Hij blijft ijverig en geconcentreerd met de stok duwen.
Het stammetje slingert alle kanten op.
Zo, da’s een mooie hut! En er zit ook een dak op, grappig, zeg ik.
Ja en hij is ook héél erg stevig ….. dat weten we want we zijn er op gaan staan, roepen ze trots.
Zelfs mijn moeder kan er op staan.
Hier in de bosrand is het één en al bedrijvigheid. Wat een geweldige bouwwerken!
Ik loop – onder de indruk – terug naar de heuvel.
In mijn hoofd vormt zich een landkaart .
In het noordoosten is het kasteel met de prinsessenstoel. Voorbij het slingerpad is het restaurant.

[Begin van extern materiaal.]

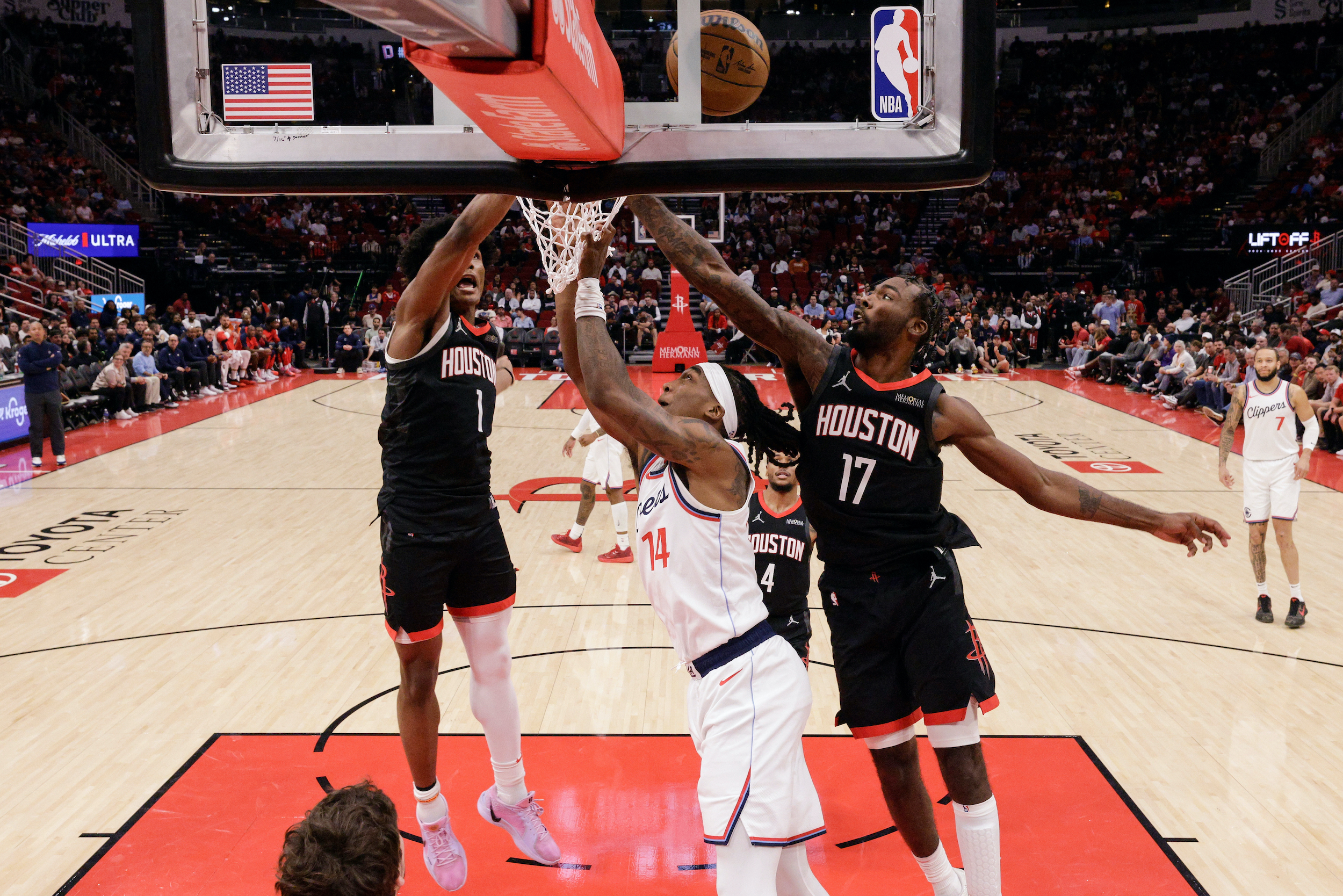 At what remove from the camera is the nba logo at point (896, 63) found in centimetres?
268

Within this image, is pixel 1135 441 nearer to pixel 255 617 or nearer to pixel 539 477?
pixel 539 477

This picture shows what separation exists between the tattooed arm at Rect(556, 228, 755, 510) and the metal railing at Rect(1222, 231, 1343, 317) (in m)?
19.8

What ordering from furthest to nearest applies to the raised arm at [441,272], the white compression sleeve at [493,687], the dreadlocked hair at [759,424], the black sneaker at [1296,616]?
the black sneaker at [1296,616], the white compression sleeve at [493,687], the raised arm at [441,272], the dreadlocked hair at [759,424]

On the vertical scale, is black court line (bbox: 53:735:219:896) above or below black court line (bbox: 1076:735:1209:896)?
above

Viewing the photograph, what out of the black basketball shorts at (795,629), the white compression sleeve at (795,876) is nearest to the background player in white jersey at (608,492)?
the black basketball shorts at (795,629)

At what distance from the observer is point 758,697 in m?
2.91

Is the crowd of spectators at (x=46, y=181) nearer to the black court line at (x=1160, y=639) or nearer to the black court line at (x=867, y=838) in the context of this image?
the black court line at (x=1160, y=639)

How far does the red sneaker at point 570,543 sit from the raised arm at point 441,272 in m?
4.62

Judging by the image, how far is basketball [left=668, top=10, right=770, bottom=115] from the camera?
275 centimetres

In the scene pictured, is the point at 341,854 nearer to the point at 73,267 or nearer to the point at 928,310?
the point at 928,310

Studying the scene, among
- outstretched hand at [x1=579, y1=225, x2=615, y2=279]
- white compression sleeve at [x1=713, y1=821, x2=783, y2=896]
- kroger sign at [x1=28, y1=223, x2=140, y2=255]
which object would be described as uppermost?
kroger sign at [x1=28, y1=223, x2=140, y2=255]

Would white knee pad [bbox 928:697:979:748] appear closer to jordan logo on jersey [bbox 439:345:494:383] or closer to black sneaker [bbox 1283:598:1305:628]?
jordan logo on jersey [bbox 439:345:494:383]

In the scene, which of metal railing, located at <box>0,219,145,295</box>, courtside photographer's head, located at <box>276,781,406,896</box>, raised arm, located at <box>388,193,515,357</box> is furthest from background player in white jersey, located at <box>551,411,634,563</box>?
metal railing, located at <box>0,219,145,295</box>

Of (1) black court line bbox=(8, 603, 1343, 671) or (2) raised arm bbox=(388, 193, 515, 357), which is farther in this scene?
(1) black court line bbox=(8, 603, 1343, 671) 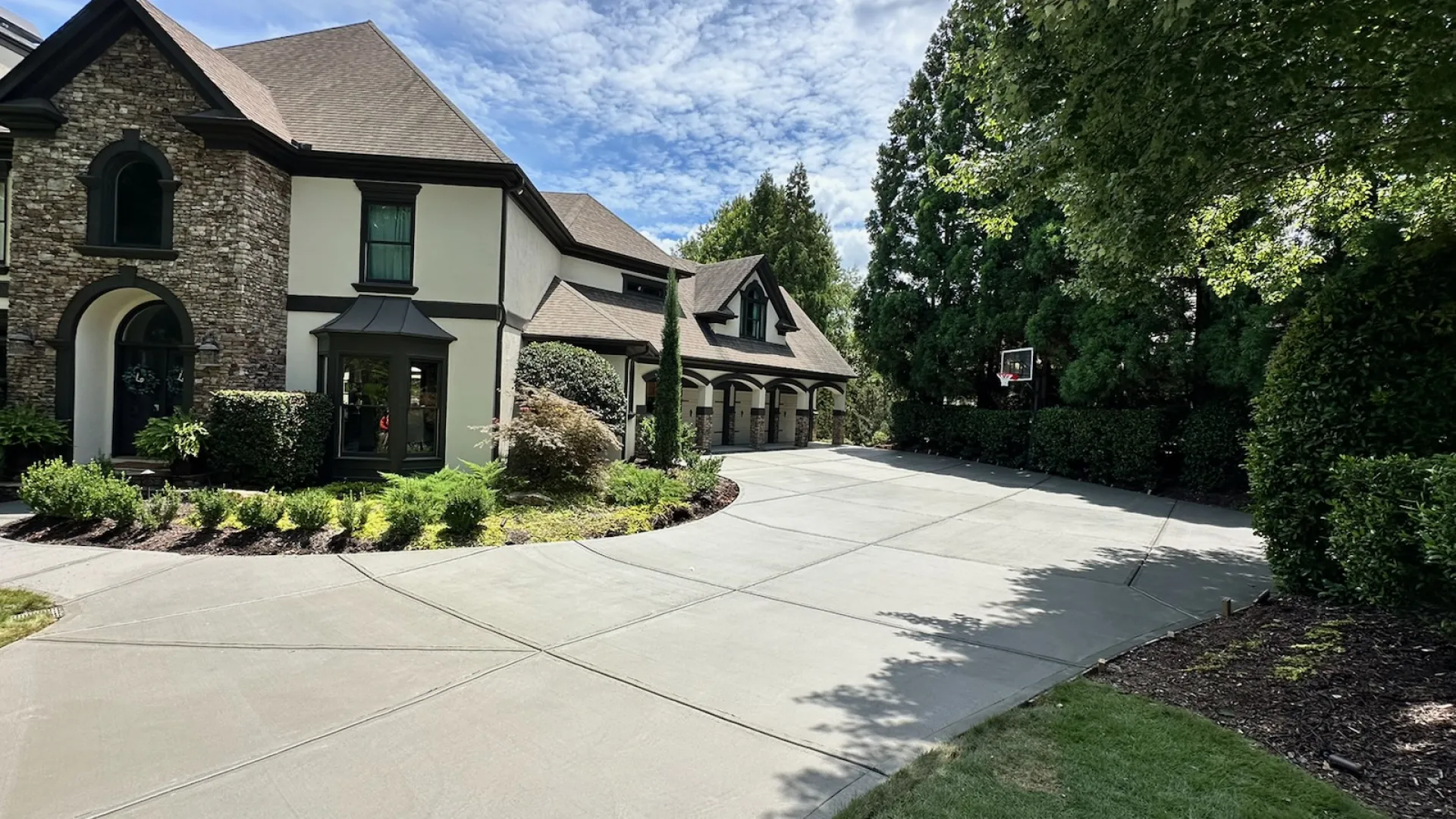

Een grote volksverhuizing vindt plaats van het noorden naar het westen daar waar de groene struiken beginnen.
In het zuiden bij de kleine heuvels is de hut met het oersterke dak, aan de rand van het land met het zwarte zand.
Vanuit de bosrand rent iedereen het gras over.
De pauze is afgelopen.
Adembenemend!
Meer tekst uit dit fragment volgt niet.